Tuesday, February 3, 2026 - The Federal Government has moved to end the practice of carrying electricity subsidy costs alone, announcing a framework that will spread the burden across federal, state, and local governments from 2026.
The Director-General of the Budget Office of the Federation,
Tanimu Yakubu, disclosed this on Monday in Abuja during a training and
sensitisation workshop for ministries, departments, and agencies on the 2026
post-budget preparation process using the Government Integrated Financial
Management Information System Budget Preparation Sub-System.
Yakubu said President Bola Tinubu had directed that
electricity subsidy costs be made explicit, tracked, and fairly shared across
tiers of government, warning that the current approach creates hidden
liabilities and recurring crises in the power market.
“If we want a stable power sector, we must pay for the
choices we make,” he said. “When tariffs are held below cost, a gap is created.
That gap is a subsidy. And a subsidy is a bill.”

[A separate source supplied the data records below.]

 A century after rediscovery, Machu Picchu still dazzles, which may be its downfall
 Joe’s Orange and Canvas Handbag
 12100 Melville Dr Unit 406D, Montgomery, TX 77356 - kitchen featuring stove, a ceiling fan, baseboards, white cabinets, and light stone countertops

He added that from 2026, the Federal Government would no
longer treat electricity subsidies as an open-ended obligation borne solely by
the centre, especially where policy decisions and political benefits are
shared.
“In 2026, we will stop pretending that this bill can be left
to the Federal Government alone, especially where the policy choice or the
political benefit is shared across tiers of government,” Yakubu said.

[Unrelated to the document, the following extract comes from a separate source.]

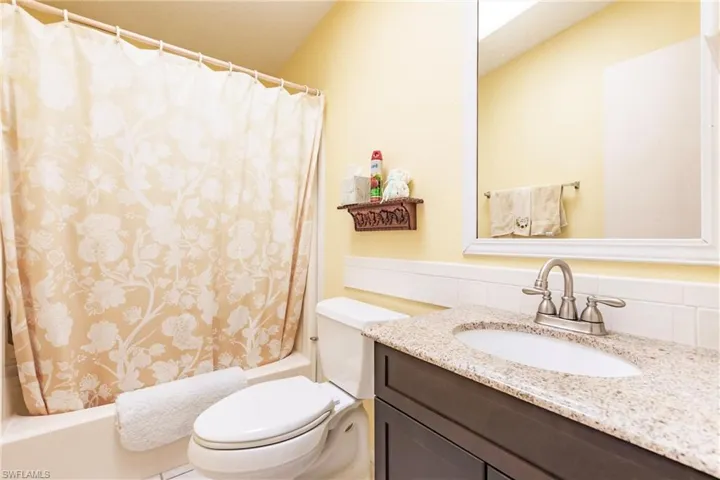 Full bathroom featuring toilet, shower / bath combination with curtain, backsplash, and vanity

According to him, the President has instructed that the
existing electricity sector legal framework be invoked to ensure that subsidy
sharing is practical, transparent, and enforceable.
“This means subsidy costs must be explicit, tracked, and
funded, so they do not return as arrears, liquidity crises, or hidden
liabilities in the market,” he said. “If any tier of government chooses
affordability interventions, the funding responsibilities must be clear,
agreed, and enforceable.”
Yakubu stressed that the policy was not designed as a
sanction but as a mechanism to align incentives across government and support
efficiency in the power sector.
“This is not punishment. It is alignment,” he said. “When
everyone carries a fair share of the cost, everyone also has an incentive to
support cost-reflective efficiency, targeted protection for the vulnerable, and
a power market that can actually deliver.”
He told MDAs to reflect subsidy-related costs clearly in
their 2026 budget submissions and avoid pushing unfunded liabilities into the
electricity market.
Beyond power subsidies, Yakubu said the 2026 Budget marked a
clear break from rollover budgeting and fragmented project lists, which he said
had weakened execution and accountability over the years.
“The 2026 Budget corrects this. It is built as one coherent
implementation framework,” he said. “The approach is to consolidate commitments
into a single, visible pipeline and manage them as a disciplined programme of
delivery.”
He described this approach as a “single-train” framework,
adding that it would improve prioritisation, strengthen control, and reduce
duplication across government. “One plan. One pipeline. One execution logic,”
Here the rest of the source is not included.